Records for this task Block Start

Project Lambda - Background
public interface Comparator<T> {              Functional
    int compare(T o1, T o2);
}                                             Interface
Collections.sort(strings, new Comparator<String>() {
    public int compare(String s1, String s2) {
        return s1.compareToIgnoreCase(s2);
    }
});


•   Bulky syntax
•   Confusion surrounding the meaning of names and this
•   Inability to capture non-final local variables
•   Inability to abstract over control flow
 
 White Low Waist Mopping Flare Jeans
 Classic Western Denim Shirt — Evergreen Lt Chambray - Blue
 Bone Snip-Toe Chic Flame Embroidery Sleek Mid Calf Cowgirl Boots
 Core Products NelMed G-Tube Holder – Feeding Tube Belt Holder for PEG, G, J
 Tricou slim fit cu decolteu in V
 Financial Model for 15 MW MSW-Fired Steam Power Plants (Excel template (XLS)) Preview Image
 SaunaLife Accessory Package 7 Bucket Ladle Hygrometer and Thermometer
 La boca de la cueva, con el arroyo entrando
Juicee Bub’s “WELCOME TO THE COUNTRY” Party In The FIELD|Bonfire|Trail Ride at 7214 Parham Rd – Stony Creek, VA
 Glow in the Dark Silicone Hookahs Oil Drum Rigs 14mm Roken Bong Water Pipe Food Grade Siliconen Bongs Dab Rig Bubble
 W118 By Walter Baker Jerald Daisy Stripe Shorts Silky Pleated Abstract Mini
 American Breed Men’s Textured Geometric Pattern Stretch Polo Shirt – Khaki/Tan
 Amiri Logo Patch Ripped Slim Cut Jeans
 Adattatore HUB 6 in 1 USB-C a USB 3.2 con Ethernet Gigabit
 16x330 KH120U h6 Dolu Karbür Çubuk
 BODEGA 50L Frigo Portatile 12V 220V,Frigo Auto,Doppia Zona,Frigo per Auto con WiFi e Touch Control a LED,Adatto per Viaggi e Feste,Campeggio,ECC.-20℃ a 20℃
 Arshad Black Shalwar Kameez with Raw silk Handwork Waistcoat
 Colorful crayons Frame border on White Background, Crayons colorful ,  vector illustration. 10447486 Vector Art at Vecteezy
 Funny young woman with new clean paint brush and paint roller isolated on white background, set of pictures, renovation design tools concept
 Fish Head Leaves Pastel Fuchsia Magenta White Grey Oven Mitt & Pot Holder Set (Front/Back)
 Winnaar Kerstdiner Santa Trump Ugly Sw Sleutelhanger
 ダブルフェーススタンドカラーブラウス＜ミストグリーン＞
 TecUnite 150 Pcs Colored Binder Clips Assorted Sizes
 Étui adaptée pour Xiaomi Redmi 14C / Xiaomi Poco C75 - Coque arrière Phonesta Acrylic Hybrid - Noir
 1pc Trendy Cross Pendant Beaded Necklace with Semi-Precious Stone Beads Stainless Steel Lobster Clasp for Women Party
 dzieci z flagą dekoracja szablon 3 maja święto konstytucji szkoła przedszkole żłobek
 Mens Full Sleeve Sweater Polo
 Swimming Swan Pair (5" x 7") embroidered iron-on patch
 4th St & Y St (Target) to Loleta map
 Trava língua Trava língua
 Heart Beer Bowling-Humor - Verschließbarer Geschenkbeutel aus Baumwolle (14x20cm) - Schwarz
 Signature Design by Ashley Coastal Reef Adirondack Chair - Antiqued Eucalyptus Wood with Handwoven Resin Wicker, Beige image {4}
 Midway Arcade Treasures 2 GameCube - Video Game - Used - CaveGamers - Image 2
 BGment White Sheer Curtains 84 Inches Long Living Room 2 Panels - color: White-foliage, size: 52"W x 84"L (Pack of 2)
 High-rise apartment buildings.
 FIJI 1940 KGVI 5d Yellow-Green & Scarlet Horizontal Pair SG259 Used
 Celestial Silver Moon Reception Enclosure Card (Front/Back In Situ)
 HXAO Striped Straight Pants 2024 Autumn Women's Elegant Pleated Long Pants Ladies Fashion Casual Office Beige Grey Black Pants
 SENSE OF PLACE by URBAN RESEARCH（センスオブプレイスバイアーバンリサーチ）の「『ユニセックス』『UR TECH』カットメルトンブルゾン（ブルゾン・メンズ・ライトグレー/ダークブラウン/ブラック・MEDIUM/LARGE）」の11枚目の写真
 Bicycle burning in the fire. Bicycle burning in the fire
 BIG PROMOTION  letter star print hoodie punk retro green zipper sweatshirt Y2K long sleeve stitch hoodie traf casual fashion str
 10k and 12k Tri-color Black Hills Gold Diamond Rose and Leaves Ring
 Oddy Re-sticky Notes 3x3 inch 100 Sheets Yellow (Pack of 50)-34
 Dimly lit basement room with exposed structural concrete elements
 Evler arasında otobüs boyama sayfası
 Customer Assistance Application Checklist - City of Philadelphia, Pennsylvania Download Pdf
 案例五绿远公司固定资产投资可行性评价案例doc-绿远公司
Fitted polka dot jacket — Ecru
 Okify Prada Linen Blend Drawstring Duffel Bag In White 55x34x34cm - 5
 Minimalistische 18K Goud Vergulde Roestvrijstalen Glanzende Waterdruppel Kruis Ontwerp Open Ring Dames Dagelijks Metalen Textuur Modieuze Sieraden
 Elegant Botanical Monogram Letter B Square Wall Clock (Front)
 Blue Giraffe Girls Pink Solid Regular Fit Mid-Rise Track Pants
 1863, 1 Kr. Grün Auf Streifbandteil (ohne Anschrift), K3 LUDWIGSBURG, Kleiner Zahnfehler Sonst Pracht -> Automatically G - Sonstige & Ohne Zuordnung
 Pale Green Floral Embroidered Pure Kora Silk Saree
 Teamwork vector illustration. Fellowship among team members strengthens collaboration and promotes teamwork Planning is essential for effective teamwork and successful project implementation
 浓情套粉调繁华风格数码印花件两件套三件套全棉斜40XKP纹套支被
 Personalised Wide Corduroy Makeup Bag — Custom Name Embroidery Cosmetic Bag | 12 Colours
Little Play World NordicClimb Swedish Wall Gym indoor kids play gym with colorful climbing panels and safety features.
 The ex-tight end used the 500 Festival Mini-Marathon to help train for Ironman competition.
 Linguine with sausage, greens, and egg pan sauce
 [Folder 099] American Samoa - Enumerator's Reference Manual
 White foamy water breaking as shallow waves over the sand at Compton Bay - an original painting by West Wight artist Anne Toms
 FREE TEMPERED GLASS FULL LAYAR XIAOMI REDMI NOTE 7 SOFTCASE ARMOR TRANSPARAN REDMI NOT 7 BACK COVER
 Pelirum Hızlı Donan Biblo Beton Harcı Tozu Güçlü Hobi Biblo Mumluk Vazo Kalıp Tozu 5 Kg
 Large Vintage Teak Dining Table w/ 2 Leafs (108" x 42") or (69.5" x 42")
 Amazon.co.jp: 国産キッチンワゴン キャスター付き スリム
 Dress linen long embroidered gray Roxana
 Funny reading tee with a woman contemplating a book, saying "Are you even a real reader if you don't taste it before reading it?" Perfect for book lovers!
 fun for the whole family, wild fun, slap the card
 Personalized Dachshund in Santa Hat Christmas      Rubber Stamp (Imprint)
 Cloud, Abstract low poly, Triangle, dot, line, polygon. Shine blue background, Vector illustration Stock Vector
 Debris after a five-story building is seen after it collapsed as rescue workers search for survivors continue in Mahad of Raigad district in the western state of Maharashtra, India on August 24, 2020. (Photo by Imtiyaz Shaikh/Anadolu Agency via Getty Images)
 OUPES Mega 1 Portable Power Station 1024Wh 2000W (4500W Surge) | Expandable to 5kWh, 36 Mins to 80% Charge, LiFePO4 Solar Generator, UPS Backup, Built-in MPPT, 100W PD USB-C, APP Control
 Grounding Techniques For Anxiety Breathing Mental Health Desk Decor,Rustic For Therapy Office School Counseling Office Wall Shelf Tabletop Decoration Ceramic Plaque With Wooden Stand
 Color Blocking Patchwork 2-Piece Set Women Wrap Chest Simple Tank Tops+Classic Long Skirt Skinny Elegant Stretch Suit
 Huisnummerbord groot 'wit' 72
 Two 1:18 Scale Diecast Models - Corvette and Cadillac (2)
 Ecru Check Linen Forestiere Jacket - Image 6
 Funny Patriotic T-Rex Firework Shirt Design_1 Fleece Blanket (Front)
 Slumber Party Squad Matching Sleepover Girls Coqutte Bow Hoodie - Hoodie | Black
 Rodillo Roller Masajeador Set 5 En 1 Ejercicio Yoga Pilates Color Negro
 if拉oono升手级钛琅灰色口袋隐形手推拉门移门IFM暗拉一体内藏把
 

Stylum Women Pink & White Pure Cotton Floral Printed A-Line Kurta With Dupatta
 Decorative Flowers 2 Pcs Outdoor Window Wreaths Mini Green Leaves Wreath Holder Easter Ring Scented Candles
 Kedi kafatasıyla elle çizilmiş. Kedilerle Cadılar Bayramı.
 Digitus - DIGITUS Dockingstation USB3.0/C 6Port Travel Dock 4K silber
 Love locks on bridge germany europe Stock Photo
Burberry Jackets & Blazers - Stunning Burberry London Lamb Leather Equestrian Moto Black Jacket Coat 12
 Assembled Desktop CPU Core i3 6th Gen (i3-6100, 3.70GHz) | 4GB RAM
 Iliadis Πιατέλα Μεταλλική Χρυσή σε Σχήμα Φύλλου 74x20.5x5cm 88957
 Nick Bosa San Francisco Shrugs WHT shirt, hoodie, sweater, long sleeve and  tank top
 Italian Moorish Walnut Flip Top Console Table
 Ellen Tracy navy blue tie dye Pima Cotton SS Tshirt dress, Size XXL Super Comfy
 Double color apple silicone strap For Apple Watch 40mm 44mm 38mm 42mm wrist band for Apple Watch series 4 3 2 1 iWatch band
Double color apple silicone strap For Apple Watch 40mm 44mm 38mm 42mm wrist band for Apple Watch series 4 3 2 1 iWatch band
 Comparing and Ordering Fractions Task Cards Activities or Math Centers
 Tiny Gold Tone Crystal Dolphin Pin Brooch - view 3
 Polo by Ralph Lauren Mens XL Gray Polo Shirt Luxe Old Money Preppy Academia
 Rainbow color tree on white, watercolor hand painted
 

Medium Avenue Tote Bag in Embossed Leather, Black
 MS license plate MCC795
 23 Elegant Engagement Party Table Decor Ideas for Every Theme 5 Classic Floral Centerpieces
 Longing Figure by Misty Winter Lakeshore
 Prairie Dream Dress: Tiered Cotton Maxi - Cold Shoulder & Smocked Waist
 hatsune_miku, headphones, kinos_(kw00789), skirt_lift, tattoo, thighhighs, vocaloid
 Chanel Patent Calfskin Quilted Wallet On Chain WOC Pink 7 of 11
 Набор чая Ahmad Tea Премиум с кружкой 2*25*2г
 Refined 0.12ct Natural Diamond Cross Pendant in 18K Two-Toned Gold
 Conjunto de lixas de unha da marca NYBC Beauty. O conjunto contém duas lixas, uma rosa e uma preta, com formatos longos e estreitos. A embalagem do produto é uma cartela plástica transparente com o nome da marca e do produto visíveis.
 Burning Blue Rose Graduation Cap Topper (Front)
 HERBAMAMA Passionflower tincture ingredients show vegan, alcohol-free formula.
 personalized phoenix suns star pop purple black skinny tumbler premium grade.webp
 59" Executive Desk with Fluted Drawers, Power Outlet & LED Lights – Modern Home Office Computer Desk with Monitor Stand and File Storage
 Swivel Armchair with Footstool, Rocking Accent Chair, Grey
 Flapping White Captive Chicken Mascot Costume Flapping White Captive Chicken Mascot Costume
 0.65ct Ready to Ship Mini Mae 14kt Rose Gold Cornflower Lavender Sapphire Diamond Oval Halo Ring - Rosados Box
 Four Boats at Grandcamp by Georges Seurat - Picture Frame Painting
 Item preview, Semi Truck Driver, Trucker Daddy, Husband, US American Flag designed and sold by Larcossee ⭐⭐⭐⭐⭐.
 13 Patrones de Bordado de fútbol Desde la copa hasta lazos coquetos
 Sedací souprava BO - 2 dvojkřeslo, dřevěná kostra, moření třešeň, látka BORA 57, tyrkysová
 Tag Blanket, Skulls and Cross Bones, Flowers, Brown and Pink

Records for this task Block End

## [Work instruction]
A reply should hold exactly the lines from the one containing "13 Patrones de" through the end of the data above, nothing more.

## [Task answer]
 13 Patrones de Bordado de fútbol Desde la copa hasta lazos coquetos
 Sedací souprava BO - 2 dvojkřeslo, dřevěná kostra, moření třešeň, látka BORA 57, tyrkysová
 Tag Blanket, Skulls and Cross Bones, Flowers, Brown and Pink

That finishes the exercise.